For the listing below, return the line containing "STYLED SETTINGS White", the line containing "Sonic and Rainbow Dash painting", and all lines in between, exactly as written and nothing else.

DATASET START

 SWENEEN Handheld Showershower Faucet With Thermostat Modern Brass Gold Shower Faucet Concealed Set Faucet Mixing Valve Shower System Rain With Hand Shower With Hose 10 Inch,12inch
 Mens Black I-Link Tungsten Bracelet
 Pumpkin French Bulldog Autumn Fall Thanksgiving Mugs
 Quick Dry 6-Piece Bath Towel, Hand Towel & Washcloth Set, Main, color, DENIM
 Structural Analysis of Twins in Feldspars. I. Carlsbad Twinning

DATASET END
DATASET START

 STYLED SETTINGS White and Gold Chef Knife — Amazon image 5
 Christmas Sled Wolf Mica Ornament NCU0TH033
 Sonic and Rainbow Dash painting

DATASET END

[EXERCISE ANSWER]:
 STYLED SETTINGS White and Gold Chef Knife — Amazon image 5
 Christmas Sled Wolf Mica Ornament NCU0TH033
 Sonic and Rainbow Dash painting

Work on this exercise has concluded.